Planning

Which papers are discussed at which meeting is listed here. Links to these papers are given under the tab Literature

  • April 26: Introduction to the course.
  • April 28: No Class, to allow you te prepare
  • May 3: papers 1 - 3. The first two papers created the field of frequent pattern mining, the third was among the first - if not the first - that showed that one does not need transactions to do frequent pattern mining.
  • May 5: No class because the university is closed on liberation day
  • May 10: papers 4 and 5. One way to limit the number of patterns you discover is by formulating more exactly what patterns you want to find, i.e., by specifying (extra) constraints. Clearly it would be best to discover all patterns that satisfy the constraints directly rather than by a filtering step. This is called constraint pushing. The first paper for today introduces FP-Growth an algorithm to find all frequent item sets. The second paper shows how (a certain class of) constraints can be pushed into FP-Growth.

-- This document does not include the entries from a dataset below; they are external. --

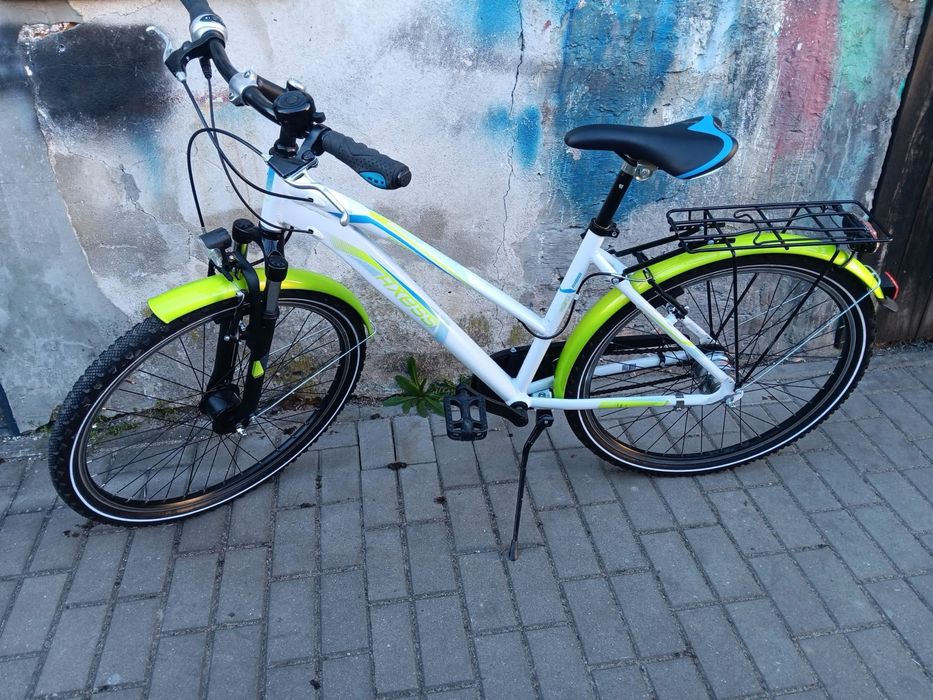 Rower Axess koła 24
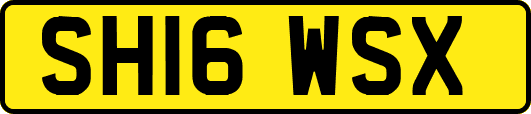 SH16WSX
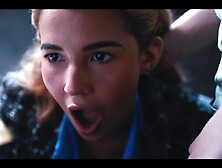 Freeuse Fantasy, Sam Bourne And Jordan Pryce In Detective Face Fucked While The Time Is Frozen Slutty Latina Cum In Mouth Freeze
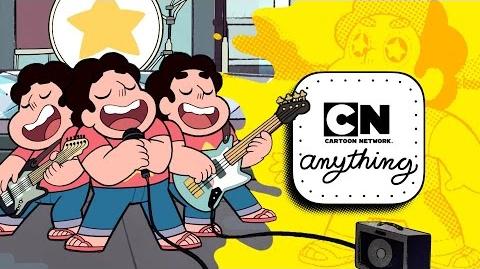 CN Anything está de vuelta con gifs, juegos, música…Y VIDEOS DE GATITOS Anything Cartoon Network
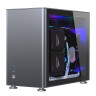 Компьютерный корпус JONSBO A4 без БП TG Gray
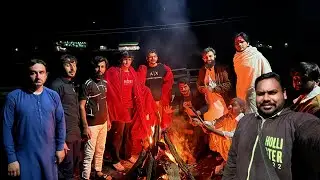 Our Night Trek to Jahaz Banda | Ep. 13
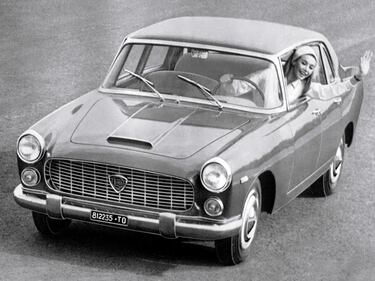 Lancia Flaminia, guarda la gallery 6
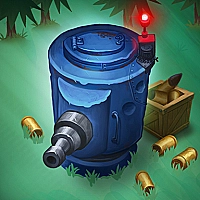Tower Defense Zombies Game Cover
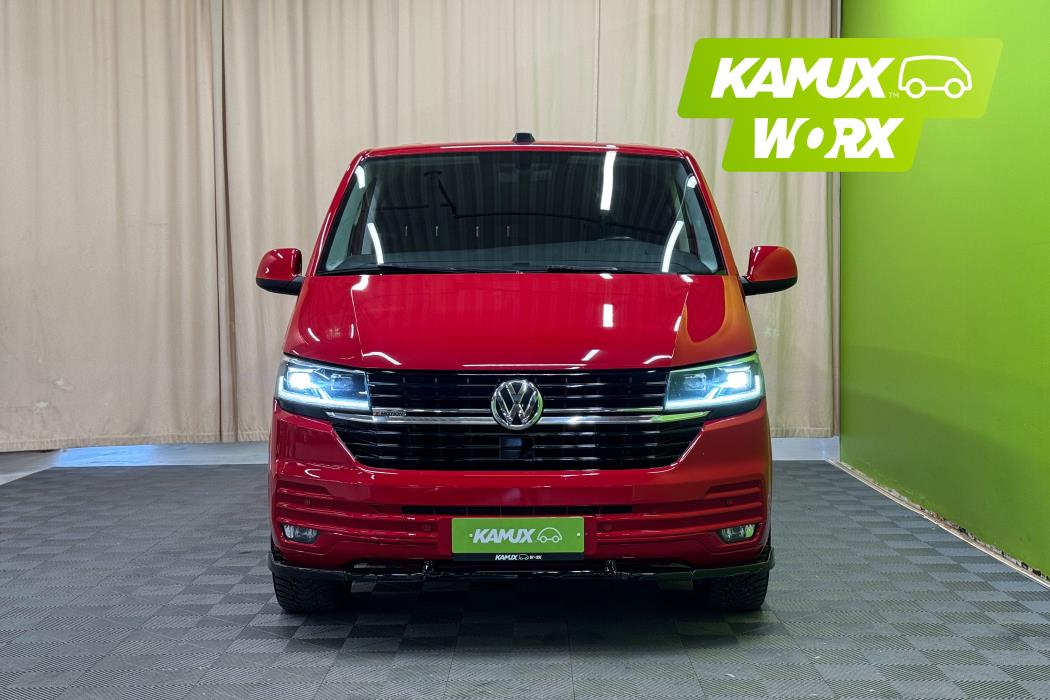 Volkswagen Transporter 2021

  • May 12: papers 6 and 7. Constraint pushing is one way to avoid filtering, there are alternatives. The first for today gives such an alternative. While the second questions whether pushing constraints is a good idea at all.
  • May 17: No class, because of a PhD defense
  • May 19: paper 8. Constraints are one way to limit the number of interesting patterns, condensed representations are another one. A condensed representation is a subset of all frequent item sets that allows the reconstruction of the complete set of frequent item sets (including their support!) without looking at the data. Today we encounter the first such representation, viz., closed itemsets.
  • May 24: paper 9. Non-derivable itemsets. As condensed as it can be.
  • May 26: no class, the university is closed the day after ascension day
  • May 31: papers 10 - 12. The constraints we saw earlier are a way to define what makes a poattern interesting. Another way of solving the pattern explosion problem is by specifiyng what makes a set of patterns interesting. If you know that, all you have to do is search for the most interesting set of patterns. Today we search for informative collections of item sets.
  • June 2: paper 13. Tiles are another way to define what makes a pattern -- and a set of patterns -- interesting.
  • June 7: papers 14 and 15. Statistics offers different ways to determine whether or not a set of patterns is interesting. Today we look at the first statistical approach, viz., sampling. Note that the second paper uses some advanced concepts, such as MCMC, if you haven't seen that before: try to read past it. It is (in this case) more important to understand what the method achieves than to understand the algorithmic details.
  • June 9: papers 16 and 17. Next to sampling, Statistics offers statistical tests to determine the importance (significance) of results. Todays papers both use tests to find good sets of patterns
  • June 14: papers 18 and 19. The final approach that Statistics offers for pattern set selection is by modelling. Todays (related) papers use Maximal Entropy and Subjective Interestingness to model.
  • June 16: Paper 16. Statistics is one principled way to infer knowledge from data. A more computational way is called Algorithmic Information Theory (AIT). Todays paper shows how the Minimum Description Length Principle (MDL), which is an instantiation of AIT, can be used to discover interesting sets of patterns by introducing the Krimp algorithm.